== Segment start ==

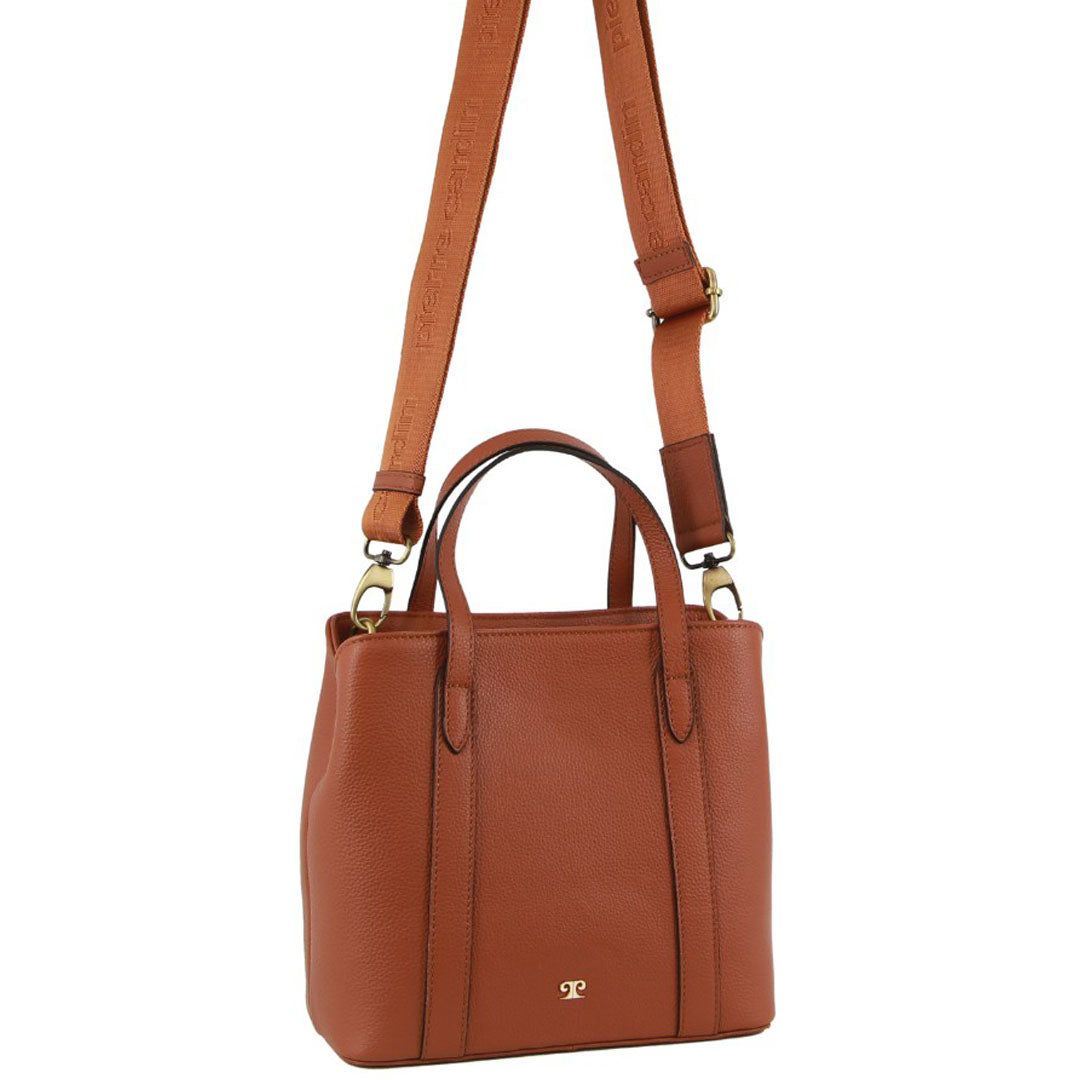 Pierre Cardin Leather Webbing Strap Tote Bag Brown | DNCKQ4681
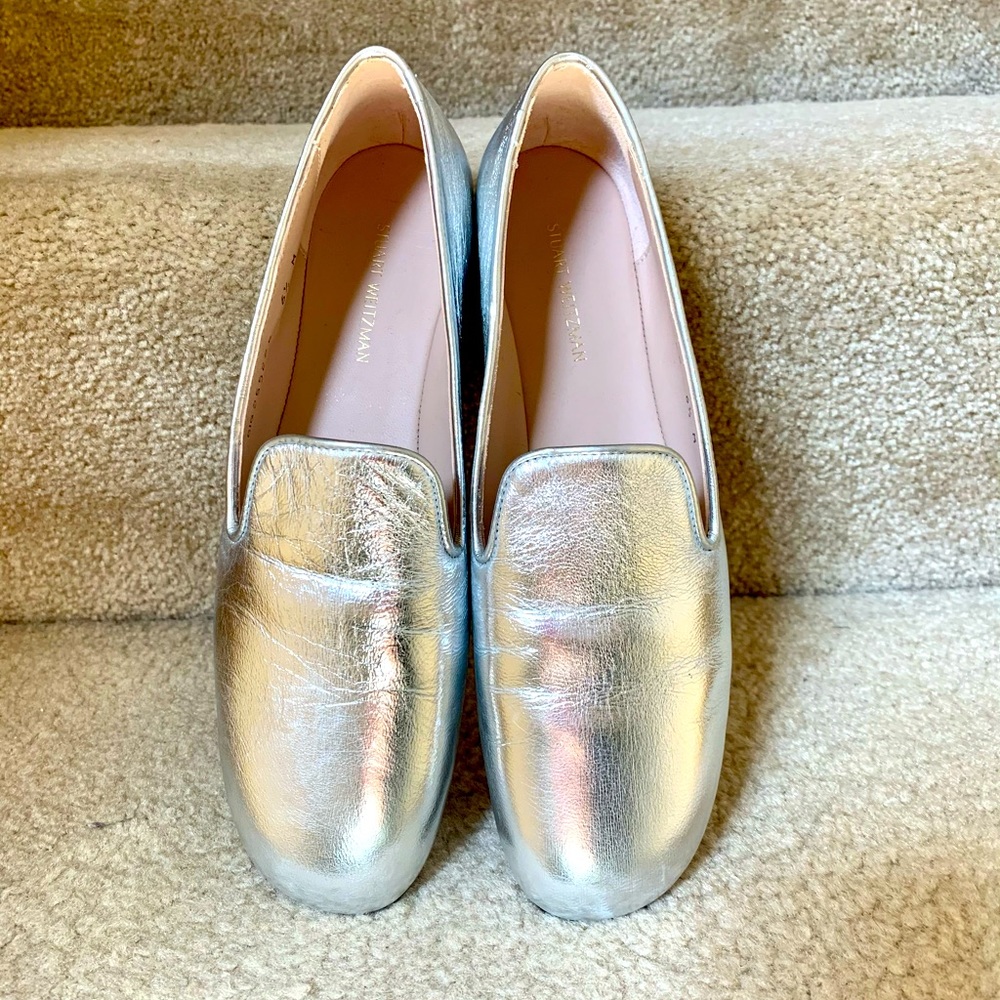 Stuart Weitzman metallic flat smoky loafers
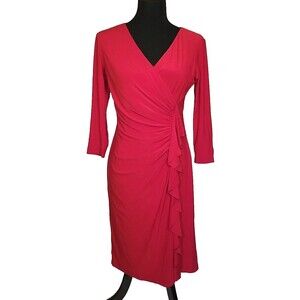 Women's American Living Dress Red Ruffle Mock Wrap 3/4 Sleeve Size 6         T29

== Segment end ==

_Your instructions_: Return all of the lines above without alteration, minus the pictures.

_Output of the exercise_:
 Pierre Cardin Leather Webbing Strap Tote Bag Brown | DNCKQ4681
 Stuart Weitzman metallic flat smoky loafers
 Women's American Living Dress Red Ruffle Mock Wrap 3/4 Sleeve Size 6         T29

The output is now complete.